WORK INSTRUCTION: Give back an exact copy of the lines in the records below, from the line that has "Helxine soleirolii - Soleirolia" through the line that has "Jaloma Tónico Agua", and nothing besides.

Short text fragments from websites
☆ ☆ ☆ ☆ ☆
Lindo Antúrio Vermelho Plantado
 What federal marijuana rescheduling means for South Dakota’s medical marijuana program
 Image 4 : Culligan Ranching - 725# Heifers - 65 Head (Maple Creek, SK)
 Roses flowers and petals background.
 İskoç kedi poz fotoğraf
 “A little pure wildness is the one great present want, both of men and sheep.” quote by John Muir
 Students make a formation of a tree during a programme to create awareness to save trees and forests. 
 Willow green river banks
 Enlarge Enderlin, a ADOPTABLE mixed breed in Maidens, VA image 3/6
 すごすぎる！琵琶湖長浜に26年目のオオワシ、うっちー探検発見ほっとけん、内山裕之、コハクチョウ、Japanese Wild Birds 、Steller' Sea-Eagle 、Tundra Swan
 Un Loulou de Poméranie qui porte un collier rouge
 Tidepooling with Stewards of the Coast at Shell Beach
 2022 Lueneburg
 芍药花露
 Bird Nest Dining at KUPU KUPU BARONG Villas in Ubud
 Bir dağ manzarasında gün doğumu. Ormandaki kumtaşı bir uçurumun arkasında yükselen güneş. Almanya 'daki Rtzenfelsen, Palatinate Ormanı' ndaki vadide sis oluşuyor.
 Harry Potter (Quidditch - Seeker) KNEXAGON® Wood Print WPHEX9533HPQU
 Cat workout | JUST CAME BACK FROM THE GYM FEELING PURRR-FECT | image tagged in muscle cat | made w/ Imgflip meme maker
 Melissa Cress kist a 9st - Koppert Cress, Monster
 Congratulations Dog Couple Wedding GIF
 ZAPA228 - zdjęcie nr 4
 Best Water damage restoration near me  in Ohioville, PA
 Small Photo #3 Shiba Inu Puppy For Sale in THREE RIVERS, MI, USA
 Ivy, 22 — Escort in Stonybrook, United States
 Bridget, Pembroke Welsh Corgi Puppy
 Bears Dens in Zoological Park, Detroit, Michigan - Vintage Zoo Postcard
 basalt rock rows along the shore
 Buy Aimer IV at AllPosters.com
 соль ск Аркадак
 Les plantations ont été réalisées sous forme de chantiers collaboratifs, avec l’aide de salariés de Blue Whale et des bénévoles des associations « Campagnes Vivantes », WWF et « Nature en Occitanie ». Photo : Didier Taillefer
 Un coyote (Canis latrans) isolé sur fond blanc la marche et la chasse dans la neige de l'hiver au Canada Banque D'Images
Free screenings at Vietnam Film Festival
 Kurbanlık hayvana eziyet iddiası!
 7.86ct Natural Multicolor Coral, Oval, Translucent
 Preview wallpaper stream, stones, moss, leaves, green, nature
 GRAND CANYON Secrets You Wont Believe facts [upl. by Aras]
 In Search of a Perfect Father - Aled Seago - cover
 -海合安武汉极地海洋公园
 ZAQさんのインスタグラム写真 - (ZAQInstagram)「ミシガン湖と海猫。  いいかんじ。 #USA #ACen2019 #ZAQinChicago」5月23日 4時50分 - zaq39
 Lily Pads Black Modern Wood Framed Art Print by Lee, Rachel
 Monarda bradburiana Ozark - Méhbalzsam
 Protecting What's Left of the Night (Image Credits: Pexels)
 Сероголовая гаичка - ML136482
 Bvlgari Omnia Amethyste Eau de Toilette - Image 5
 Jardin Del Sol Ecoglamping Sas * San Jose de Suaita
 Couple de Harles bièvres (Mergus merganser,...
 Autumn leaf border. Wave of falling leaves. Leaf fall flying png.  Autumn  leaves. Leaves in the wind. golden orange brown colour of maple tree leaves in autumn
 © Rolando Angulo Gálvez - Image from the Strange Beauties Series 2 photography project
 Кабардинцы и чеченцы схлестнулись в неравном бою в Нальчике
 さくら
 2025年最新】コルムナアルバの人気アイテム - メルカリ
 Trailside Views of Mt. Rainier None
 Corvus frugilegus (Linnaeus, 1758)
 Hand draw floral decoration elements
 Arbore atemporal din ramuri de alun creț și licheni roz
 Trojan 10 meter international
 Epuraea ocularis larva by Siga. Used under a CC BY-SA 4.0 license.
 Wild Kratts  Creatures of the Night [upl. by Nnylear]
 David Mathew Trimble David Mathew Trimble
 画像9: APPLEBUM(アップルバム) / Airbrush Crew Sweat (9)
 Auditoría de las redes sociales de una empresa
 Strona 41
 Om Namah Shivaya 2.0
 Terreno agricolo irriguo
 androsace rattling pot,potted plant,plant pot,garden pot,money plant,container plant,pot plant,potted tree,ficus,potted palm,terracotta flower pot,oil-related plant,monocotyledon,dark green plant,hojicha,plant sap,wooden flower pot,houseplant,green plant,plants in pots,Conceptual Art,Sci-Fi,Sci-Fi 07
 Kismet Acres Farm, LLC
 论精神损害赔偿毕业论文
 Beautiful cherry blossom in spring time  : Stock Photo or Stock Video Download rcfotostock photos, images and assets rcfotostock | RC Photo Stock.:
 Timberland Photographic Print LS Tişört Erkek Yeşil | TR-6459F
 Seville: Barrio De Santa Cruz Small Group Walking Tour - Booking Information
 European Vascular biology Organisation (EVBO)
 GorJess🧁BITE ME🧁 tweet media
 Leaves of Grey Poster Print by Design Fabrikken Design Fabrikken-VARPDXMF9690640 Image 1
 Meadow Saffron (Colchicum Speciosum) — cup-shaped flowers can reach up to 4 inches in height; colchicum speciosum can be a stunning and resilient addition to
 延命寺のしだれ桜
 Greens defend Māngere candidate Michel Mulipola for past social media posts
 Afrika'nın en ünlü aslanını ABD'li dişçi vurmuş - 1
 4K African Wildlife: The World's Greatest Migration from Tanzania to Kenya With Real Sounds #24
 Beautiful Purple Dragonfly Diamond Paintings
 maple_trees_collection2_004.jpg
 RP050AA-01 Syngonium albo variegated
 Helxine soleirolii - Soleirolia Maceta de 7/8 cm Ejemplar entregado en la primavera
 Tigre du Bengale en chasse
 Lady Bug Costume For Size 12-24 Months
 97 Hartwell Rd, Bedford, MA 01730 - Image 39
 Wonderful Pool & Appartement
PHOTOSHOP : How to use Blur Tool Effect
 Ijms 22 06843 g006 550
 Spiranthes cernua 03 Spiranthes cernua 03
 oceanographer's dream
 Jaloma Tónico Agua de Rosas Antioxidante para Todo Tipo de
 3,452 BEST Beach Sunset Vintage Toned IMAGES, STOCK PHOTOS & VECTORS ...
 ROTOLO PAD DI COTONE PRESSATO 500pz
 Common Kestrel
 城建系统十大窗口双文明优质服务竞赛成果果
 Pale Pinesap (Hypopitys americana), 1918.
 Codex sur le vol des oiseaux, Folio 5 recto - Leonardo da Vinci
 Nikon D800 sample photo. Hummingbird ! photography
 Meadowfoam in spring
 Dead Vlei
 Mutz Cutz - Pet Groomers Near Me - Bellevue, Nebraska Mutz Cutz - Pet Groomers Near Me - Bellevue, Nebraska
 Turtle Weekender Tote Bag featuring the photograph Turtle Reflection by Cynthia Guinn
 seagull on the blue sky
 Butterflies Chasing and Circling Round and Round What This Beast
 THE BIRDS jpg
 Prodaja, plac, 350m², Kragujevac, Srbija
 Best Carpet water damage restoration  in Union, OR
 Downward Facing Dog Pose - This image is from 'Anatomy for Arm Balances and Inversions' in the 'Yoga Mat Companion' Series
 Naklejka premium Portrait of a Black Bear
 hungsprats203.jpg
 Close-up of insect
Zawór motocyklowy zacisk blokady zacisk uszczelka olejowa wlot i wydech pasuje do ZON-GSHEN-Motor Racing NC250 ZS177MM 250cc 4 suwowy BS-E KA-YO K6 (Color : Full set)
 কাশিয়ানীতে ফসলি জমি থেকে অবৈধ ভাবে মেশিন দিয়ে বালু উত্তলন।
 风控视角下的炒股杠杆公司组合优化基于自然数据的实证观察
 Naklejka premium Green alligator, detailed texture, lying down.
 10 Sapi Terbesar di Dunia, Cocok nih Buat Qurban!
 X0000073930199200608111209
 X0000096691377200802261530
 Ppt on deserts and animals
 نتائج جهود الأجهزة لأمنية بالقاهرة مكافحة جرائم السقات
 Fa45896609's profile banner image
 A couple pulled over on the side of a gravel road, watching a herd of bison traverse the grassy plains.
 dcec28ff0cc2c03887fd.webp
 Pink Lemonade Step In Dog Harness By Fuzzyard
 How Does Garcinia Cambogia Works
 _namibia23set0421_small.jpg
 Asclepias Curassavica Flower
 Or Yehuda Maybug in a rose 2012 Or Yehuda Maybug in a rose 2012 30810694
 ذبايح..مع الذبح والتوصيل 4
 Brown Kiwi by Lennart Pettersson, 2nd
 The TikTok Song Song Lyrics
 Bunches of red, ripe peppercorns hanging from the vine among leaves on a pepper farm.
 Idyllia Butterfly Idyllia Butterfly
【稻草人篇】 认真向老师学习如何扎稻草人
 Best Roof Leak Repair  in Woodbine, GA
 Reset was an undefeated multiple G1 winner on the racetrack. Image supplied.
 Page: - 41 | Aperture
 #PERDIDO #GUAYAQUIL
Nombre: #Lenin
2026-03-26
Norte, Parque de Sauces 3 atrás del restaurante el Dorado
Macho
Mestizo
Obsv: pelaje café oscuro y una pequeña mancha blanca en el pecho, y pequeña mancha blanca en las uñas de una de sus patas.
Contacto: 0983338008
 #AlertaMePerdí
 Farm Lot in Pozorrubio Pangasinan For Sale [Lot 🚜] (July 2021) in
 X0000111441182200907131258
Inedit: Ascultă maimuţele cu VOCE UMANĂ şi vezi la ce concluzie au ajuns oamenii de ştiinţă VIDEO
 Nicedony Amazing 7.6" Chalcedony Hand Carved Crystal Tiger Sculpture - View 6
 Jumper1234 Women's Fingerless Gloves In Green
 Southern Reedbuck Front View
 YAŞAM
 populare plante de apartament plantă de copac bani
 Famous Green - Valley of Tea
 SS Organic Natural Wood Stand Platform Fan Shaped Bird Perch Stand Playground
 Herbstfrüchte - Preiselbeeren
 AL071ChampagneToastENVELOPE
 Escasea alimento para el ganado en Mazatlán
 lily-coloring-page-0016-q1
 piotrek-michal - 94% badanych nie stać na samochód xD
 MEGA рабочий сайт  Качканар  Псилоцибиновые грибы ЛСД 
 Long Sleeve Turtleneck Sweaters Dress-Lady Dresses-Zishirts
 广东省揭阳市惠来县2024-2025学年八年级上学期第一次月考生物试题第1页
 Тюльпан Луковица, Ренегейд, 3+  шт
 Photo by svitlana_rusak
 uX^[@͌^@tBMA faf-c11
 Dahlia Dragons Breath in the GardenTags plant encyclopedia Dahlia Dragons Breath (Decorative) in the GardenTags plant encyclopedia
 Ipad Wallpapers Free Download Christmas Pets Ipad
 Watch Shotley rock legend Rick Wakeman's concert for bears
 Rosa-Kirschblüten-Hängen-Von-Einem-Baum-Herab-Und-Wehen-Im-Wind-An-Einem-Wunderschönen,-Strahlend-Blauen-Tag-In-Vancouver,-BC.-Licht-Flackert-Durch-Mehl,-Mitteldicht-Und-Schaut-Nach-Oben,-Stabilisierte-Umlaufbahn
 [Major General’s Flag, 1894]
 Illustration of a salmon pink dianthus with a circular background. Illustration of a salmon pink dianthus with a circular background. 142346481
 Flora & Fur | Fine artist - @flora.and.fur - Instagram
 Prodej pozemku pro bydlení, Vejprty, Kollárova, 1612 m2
☆ ☆ ☆ ☆ ☆
ANSWER FOR THIS EXERCISE:
 Helxine soleirolii - Soleirolia Maceta de 7/8 cm Ejemplar entregado en la primavera
 Tigre du Bengale en chasse
 Lady Bug Costume For Size 12-24 Months
 97 Hartwell Rd, Bedford, MA 01730 - Image 39
 Wonderful Pool & Appartement
PHOTOSHOP : How to use Blur Tool Effect
 Ijms 22 06843 g006 550
 Spiranthes cernua 03 Spiranthes cernua 03
 oceanographer's dream
 Jaloma Tónico Agua de Rosas Antioxidante para Todo Tipo de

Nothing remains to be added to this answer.